EXERCISE DETAILS:
Would you write out each line of the material below exactly, skipping every picture?

SOURCE DATA:
^^^^^^^^^^^^^^^^
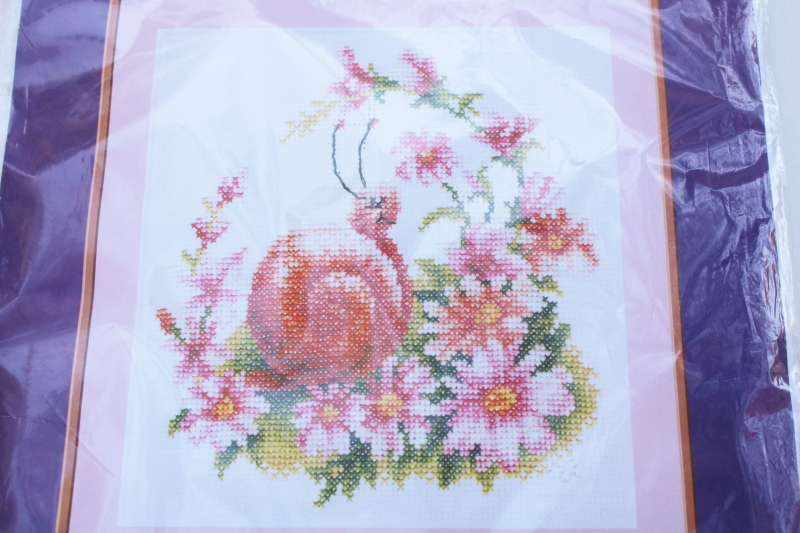 photo of Panna cross stitch embroidery kit, happy snail & flowers, chart w/ aida cloth & cotton floss #2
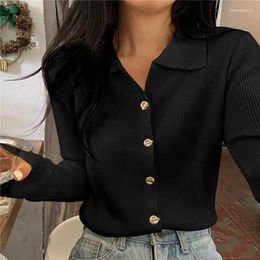 Women's Sweaters Fashion Slim Ladies Elegant Solid Jumpers V Neck Knitted Cardigan For Women Fall Winter 2024 Korean Single Breasted Sweater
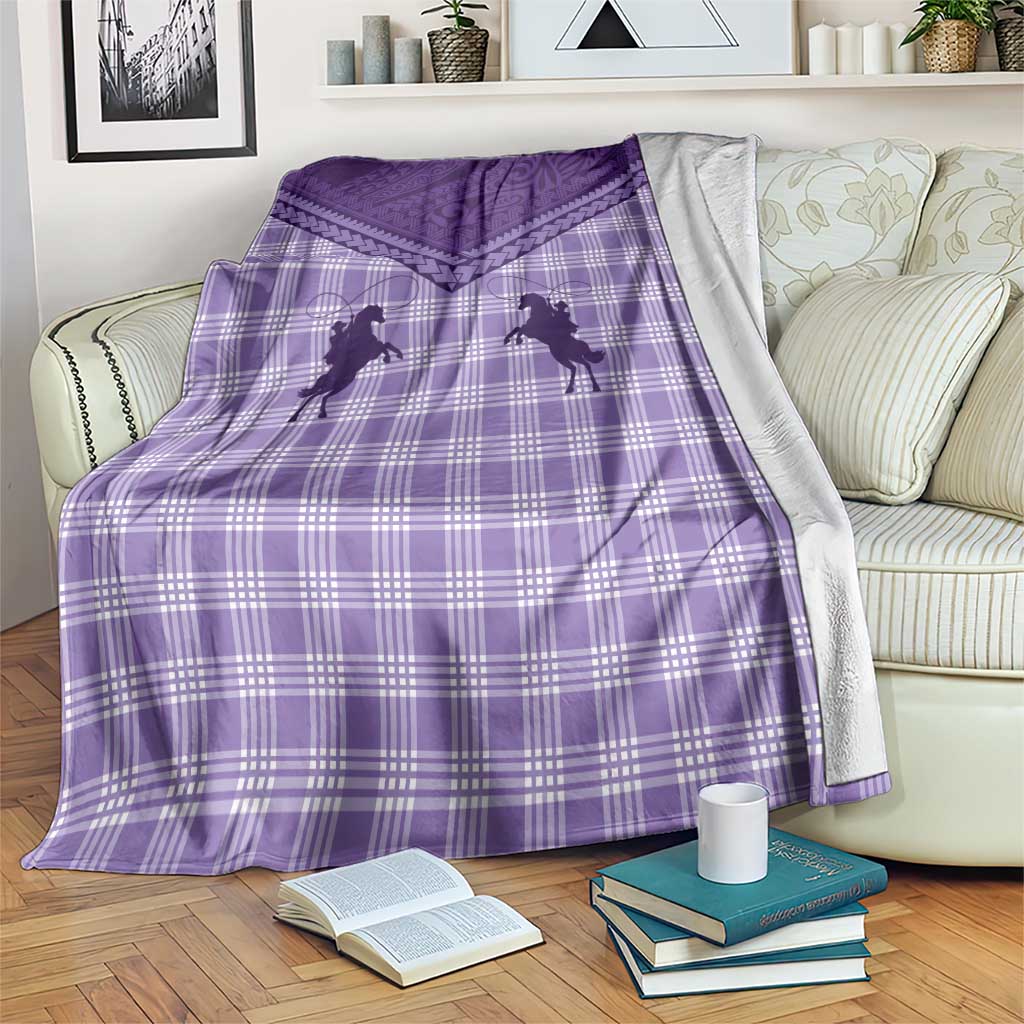 Aloha Hawaii Cowboys Paniolo Blanket Violet Palaka - Polynesian Pride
^^^^^^^^^^^^^^^^
TASK OUTPUT:
 photo of Panna cross stitch embroidery kit, happy snail & flowers, chart w/ aida cloth & cotton floss #2
 Women's Sweaters Fashion Slim Ladies Elegant Solid Jumpers V Neck Knitted Cardigan For Women Fall Winter 2024 Korean Single Breasted Sweater
 Aloha Hawaii Cowboys Paniolo Blanket Violet Palaka - Polynesian Pride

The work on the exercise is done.